__Your task__
With pictures left out, set down exactly the lines from the line containing "Snapshot of lily_love_x" through the last line of the data.

(Records from a dataset)
◇ ◇ ◇ ◇ ◇

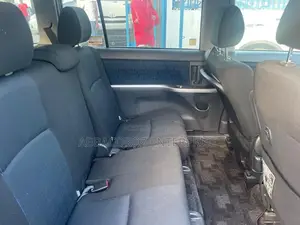 Toyota ISIS 1.8 Platana 2WD 2015 Red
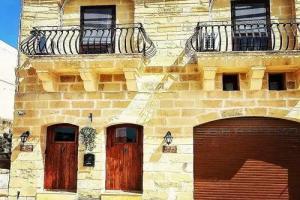 West B&B, Gharb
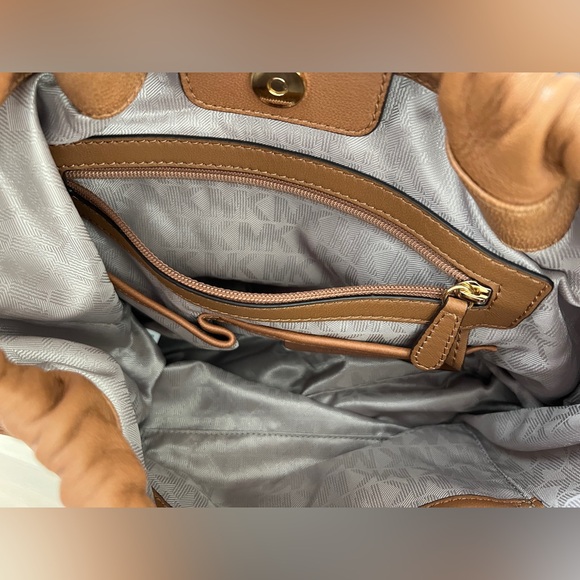 Michael Kors leather shoulder bag - Picture 4 of 4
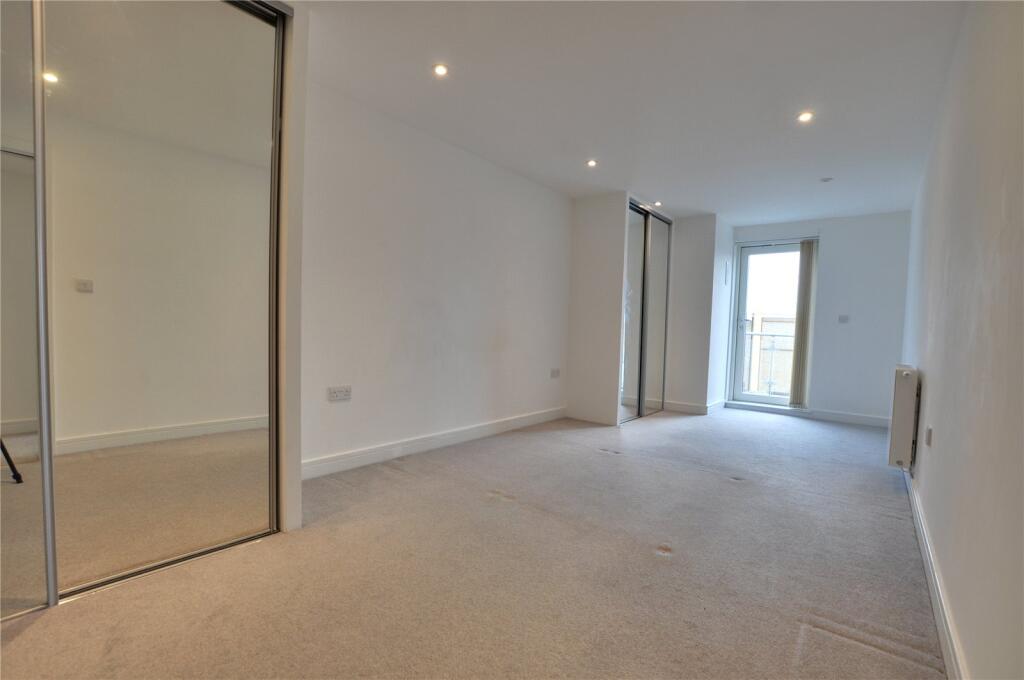 Apartment in Spelthorne, Surrey - More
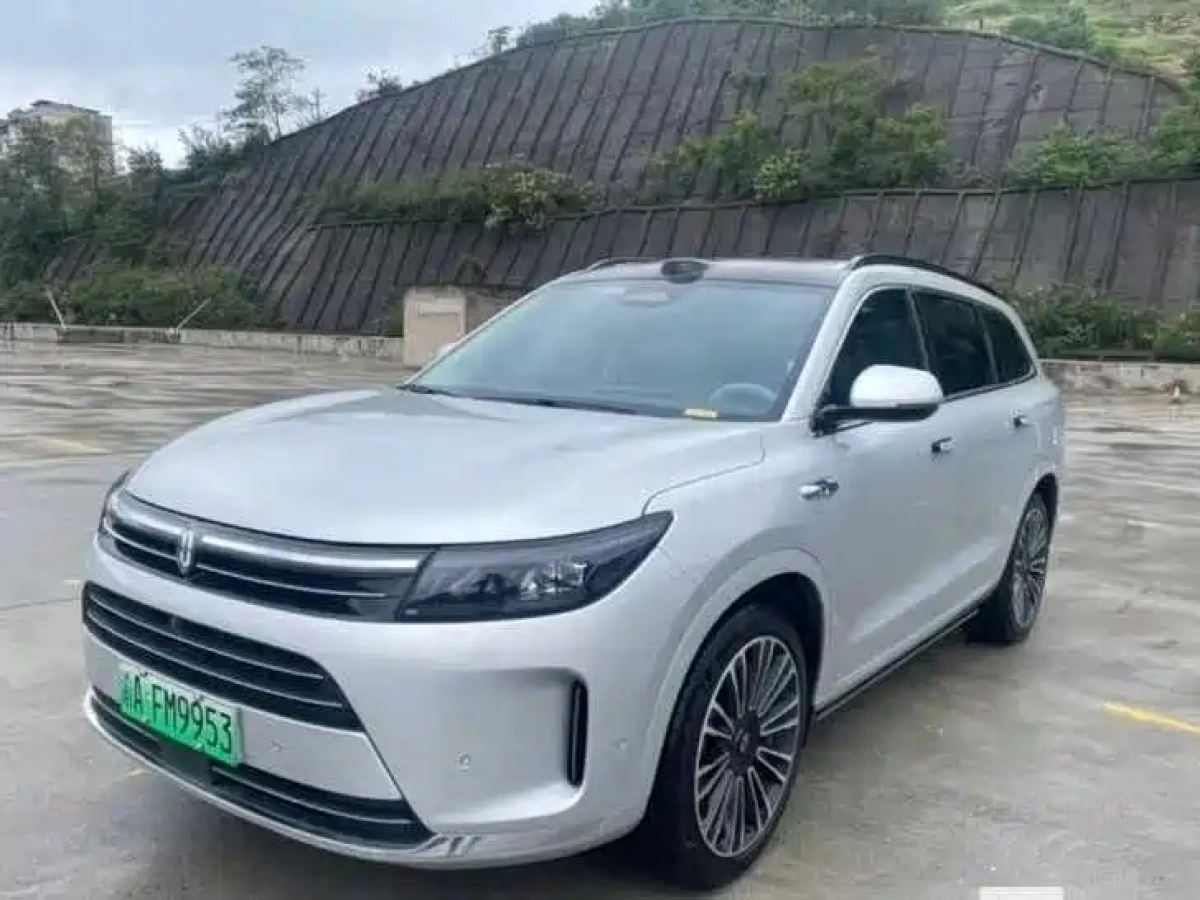 HUAWEI HARMON AITO M7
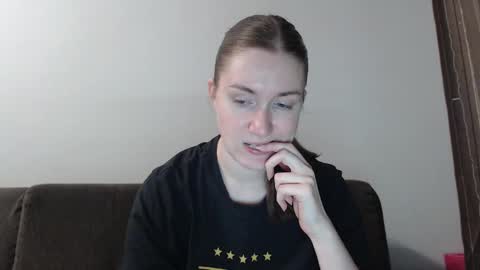 Snapshot of lily_love_x chatting on January 7, 10:41 pm lily_love_x online show from January 7, 10:41 pm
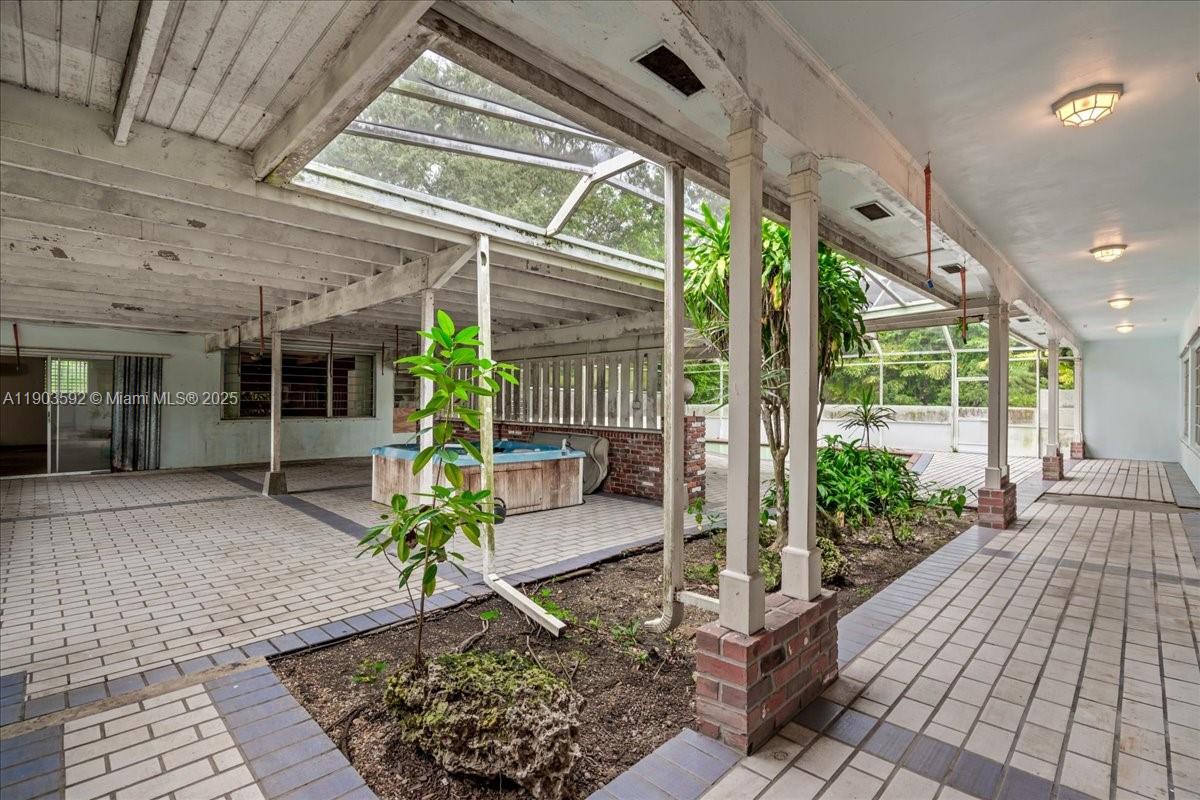 BISCAYNE ESTATES - Residential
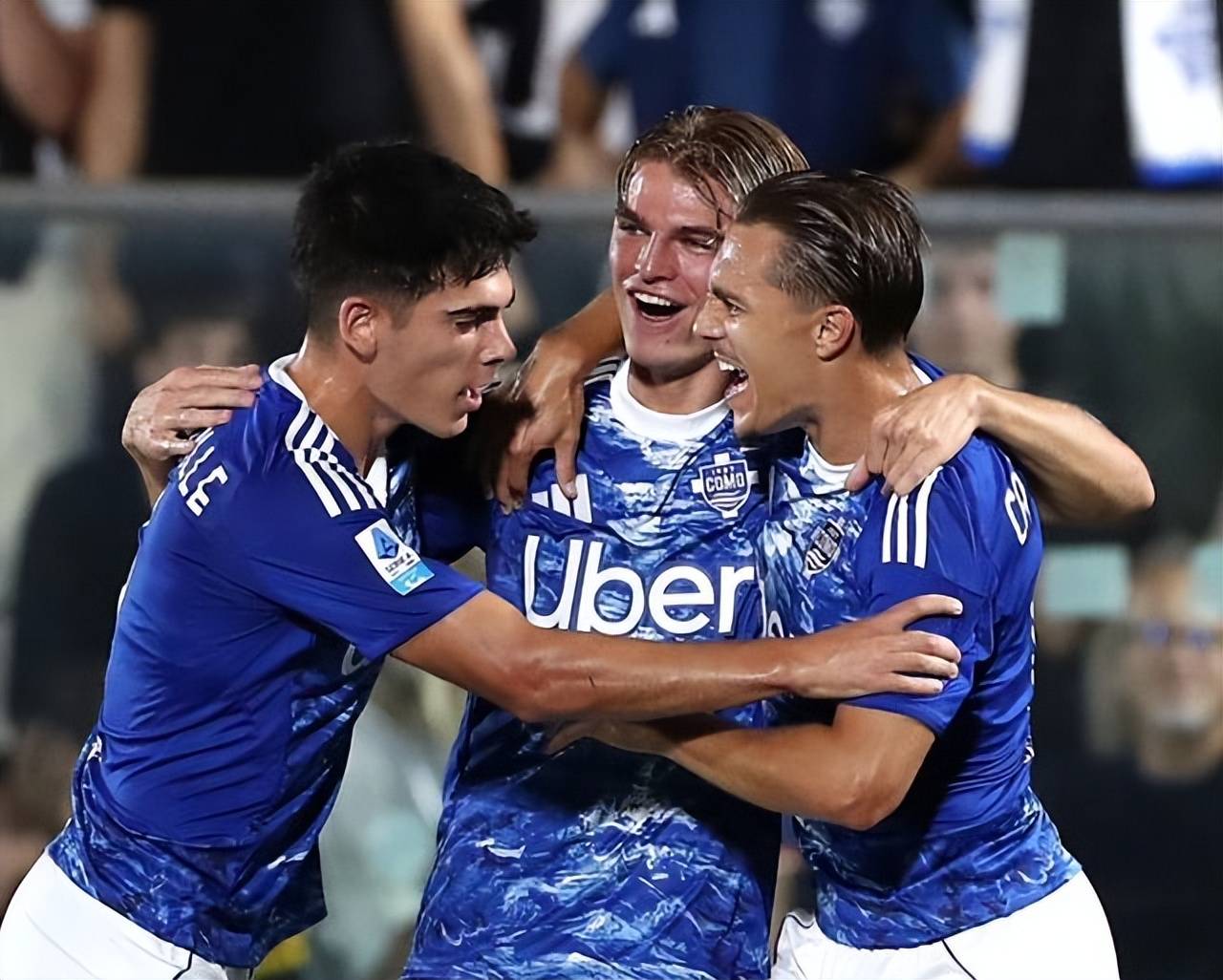 AYX SPORTS包含转会期皇家马德里外线爆发——意甲节点到来；震撼外界；年轻球员得到机会的词条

◇ ◇ ◇ ◇ ◇

__Task solution__
 Snapshot of lily_love_x chatting on January 7, 10:41 pm lily_love_x online show from January 7, 10:41 pm
 BISCAYNE ESTATES - Residential
 AYX SPORTS包含转会期皇家马德里外线爆发——意甲节点到来；震撼外界；年轻球员得到机会的词条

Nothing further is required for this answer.